Shares rocketed 37% to 581.4p in early morning trading on Monday and the deal values each share at Sophos at 583p
Sophos board of directors accepted the bid from Thoma Bravo, the shareholders will now give their final approval.
Peter Gyenes, chairman of Sophos, said the takeover “secures the delivery of future value for shareholders today.
“Thoma Bravo has deep sector expertise in cybersecurity software as well as a long and successful track record of partnering with and investing in its portfolio companies to support long-term growth and success.
“Under Thoma Bravo’s ownership we expect Sophos to accelerate its evolution and leadership in next-generation cybersecurity.”

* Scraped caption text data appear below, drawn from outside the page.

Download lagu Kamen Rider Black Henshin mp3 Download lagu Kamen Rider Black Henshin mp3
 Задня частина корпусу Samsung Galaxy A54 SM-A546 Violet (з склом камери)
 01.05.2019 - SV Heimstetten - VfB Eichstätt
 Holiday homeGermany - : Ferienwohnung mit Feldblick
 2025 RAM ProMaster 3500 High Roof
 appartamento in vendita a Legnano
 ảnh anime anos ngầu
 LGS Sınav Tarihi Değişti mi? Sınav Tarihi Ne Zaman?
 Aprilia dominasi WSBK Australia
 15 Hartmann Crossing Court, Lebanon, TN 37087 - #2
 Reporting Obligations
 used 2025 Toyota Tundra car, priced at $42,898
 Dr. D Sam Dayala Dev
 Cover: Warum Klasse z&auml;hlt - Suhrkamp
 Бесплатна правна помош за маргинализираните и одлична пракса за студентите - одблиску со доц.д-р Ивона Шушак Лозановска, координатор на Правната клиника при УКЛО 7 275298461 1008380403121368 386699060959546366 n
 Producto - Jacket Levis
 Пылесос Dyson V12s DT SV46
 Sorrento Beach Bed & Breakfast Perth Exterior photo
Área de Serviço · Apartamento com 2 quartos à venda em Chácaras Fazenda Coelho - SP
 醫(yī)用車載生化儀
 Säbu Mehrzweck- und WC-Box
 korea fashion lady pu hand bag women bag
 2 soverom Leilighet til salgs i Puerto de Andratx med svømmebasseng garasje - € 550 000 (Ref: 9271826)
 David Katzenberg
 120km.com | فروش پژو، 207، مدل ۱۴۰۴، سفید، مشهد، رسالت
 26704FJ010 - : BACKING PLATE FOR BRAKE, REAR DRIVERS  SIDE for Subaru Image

Nicholas Hyett, analyst at Hargreaves Lansdown said, “It’s been a rocky road for Sophos investors against that background we suspect most investors will be reasonably happy with the offer, and with Sophos’ former private equity owner Apax already committed to backing the deal we see little chance of it failing to win shareholder support.
“One thing worth bearing in mind is that the offer is denominated in dollars and given the volatility we’ve seen in sterling recently that means the final pounds and pence value of the deal could end up being significantly different to that reported today.
“If sterling weakens then that’s good news for UK investors, but should a Brexit deal be agreed, a rally in sterling could leave investors out of pocket.
“For those unwilling to stomach the volatility and who want to lock in the current price, it might make sense to sell the shares now rather than hold on until the deal completes, even if that does rule out the possibility of a bump in price from any rival bid.”